I am working on optimizing transactional replication. I am planning to add one stored procedure to the list of articles, to reduce number of replication commands. I am facing one challenge with it.

This SP has insert commands. Let’s say it has a loop of insert commands with iteration count 1000. So when I replicate this SP, number of replications commands would be reduced from 1000 to 1. However this SP inserts data in table which has identity column. This column is not an identity column in replicated database (this is a default behavior, I did not do anything specific to achieve it). So the SP which can insert data on primary side cannot be replicated as is to insert data in replicated database, it will fail because column count wont match.

One way to address this issue would be temporarily turn IDENTITY_INSERT ON at start of SP and turn it OFF at end. So on primary side, I can invoke insert commands by passing explicit ids, and same SP can then work on replicated database.

Other way is to have a different version of SP on replicated database. However I am not sure, what precaution I need to take to make sure that this SP is not overwritten by version from primary database.

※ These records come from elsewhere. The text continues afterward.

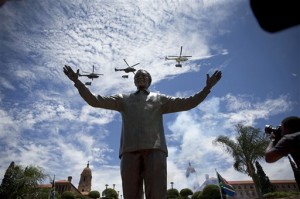 Estatua de Nelson Mandela (AP)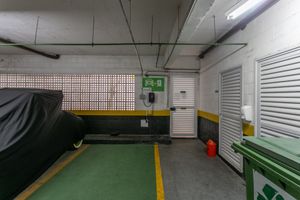 Image 19 - 922853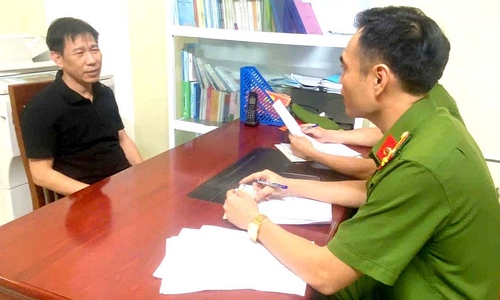 Four forest rangers investigated for accepting over 3.2 billion VND from gangster Manh 'Go'
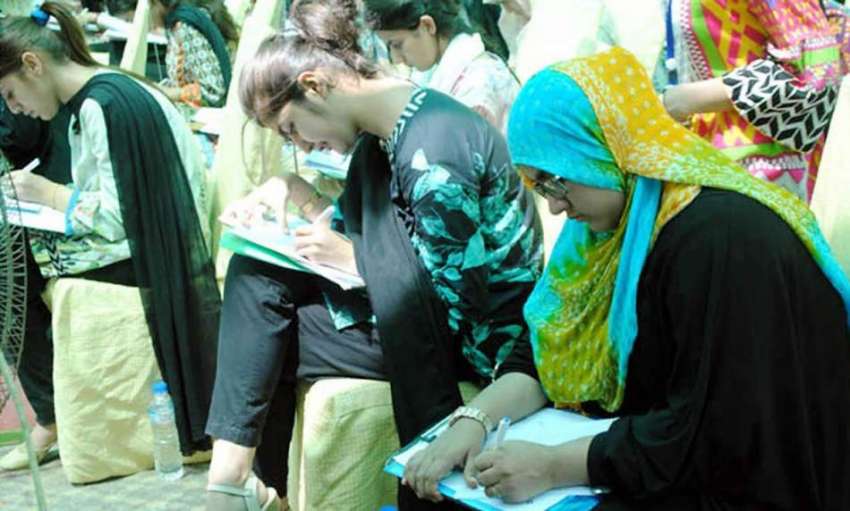 حیدر آباد: میڈیکل یونیورسٹی میں داخلے کی خواہشمند طالبات ..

Appreciate your suggestions…

Regards
Shrikant

Reply
Hassan Umair
February 11, 2016 2:31 am

Hi,
I have a question, i am managing 2 SQL servers
1 is Master Server (Publisher + Distributor)
2 is Client Server (Subscriber)
client basically owned by a client who is buying data from us.
Both Servers are replicated with each other
Replication type is Transactional-replication
only selected Tables of a single DB are replicated from Master-Server to Client Server.
Now i am going to tell actual problem. Basically there are several problems i want to discus

Problem 1:
When i add or delete any data table and take snapshot of replication than all db vanishes from customer side and after that it rebuilds in 20-30 minutes (have limited access so don’t get logs)

Problem 2:
When i reinitialize subscription than it takes lots of time to completing it and showing partially applied scripts of tables in monitoring.

Problem 3:
Publisher to Distributor showing high commands and transactions count but actually on distributor to subscriber commands and transaction counts are more than 100’s of times lower as compare to publisher section.

Problem 4:
Latency is Very high between Publisher-Distributor (around 5+ minutes)(Server-1) and jumps to 7 minutes then automatically less and stay on some seconds but average is really very high. Distributor-Subscriber latency seems fine.

Problem 5:
Log Size of Master DB increases and occupying space around 3.5 GB (Normally 3 GB with 80-87% free space) whether Data File Size also increases and now it’s 4 GB+ (Normally 3.3 – 3.5 GB)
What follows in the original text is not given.